Archive for October, 2009

Catch Up

When you can’t do question 1i), let alone 1ii), let alone questions 2) or 3), and have been trying to do so for over an hour – and when you couldn’t do the last homework either but had to work through with the solutions – and when you don’t even understand the lecture notes four lectures in – …

Time to blog!

Erm, so yes! We’ve had internet for a while now, but let’s just say that fourth year doesn’t get any less busy than the previous three. That’s in a good way, mostly, but the new routine and the new house and the new people-circumstances are still taking some getting used to. I am still trying to learn to spend time on my own in the house positively, and more importantly I am still trying to learn how to work again, as it’s something I basically haven’t been doing for eighteen months, and, well, you just get out of the habit. I’m doing a lot better than I thought I would, actually, but I think I still give up too easily when the going gets tough – and that’s still way too often. The pressure’s on, to say the least.

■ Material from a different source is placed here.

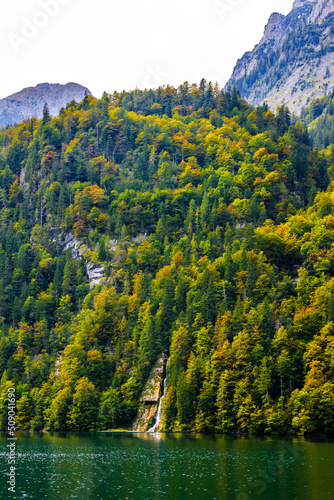 Schoenau am Koenigssee, Konigsee, Bavaria, Germany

In other news, J continues to be wonderful, I’m doing quite a bit with Quaker Meeting (and seriously considering applying for membership; explanation may follow in a subsequent post), and my Mum thinks I’m bipolar (, which I think is utter rubbish). I got out my clarinet the other day and had no lip muscles left whatsoever.

And that’s about it, really! I need to go and make lunch and head out. Oh, except that when I have a chance I will take some pictures of my new house, because it’s kinda cool, and some pictures of the garment that I made the week before coming back to Durham and am so incredibly proud of!

A Note On The Door

(I am still here, I am still alive, I am back in Durham where the internet has yet to grace our house with its presence. Nice to start with, but increasingly annoying when everything in the university relies on it. In the words of Christopher Robin, BISY BACKSON.)

Still At Home

I am ill. Not scary swine flu ill, but ill enough to feel pretty shit and not to have used the train ticket that I had booked for going up to Durham on Saturday. This sucks, although as lectures don’t start ’til Thursday and I was planning on avoiding all things Fresher-related anyway, I guess the timing could be worse.

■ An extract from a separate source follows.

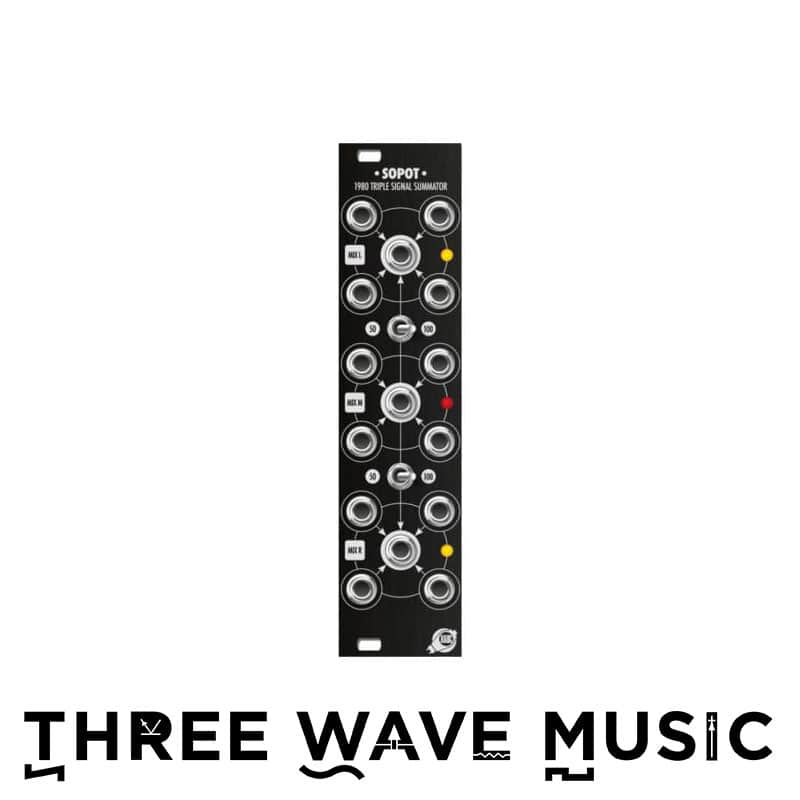 Xaoc Devices Sopot Replacement Black Panel [Three Wave Music] image 1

My Dad is convinced that I have brought on the illness by anxiety, and as such the path to getting better is to leap out of bed, (wo)man up, and deal with it accordingly. I am yet trying to convince him that as much as there may possibly have been anxiety-related incidents involving crying and shaking and burying into duvets, a bug is a bug and the prospect of travelling again is even less inviting if I haven’t first got rid of it, which I can’t do by willpower alone. Grump. Parents. If he’s trying to persuade me that staying at home isn’t such a great option after all, he’s doing a bloody good job of it.

However the upside of one of the above incidents is that after yet another well-intentioned invitation to Talk About Things To Us, I am increasingly sure that I am going to take a gap year after university. Or a gap six months – whatever – because the wonderful freedom about leaving the educational system is that no longer will my life have to revolve around September starts and May exams. Maybe I’ll work, maybe I’ll travel, or maybe I’ll just stay at home and remember what bonfire smoke smells like in south Birmingham on November 5th, but what I will not do is refuse to give myself time and space to breathe. Maybe, just maybe, my ideal job will come up in the meantime and I’ll go straight to there.

But I won’t have to, because I will be free! I think that I need that light at the end of the tunnel.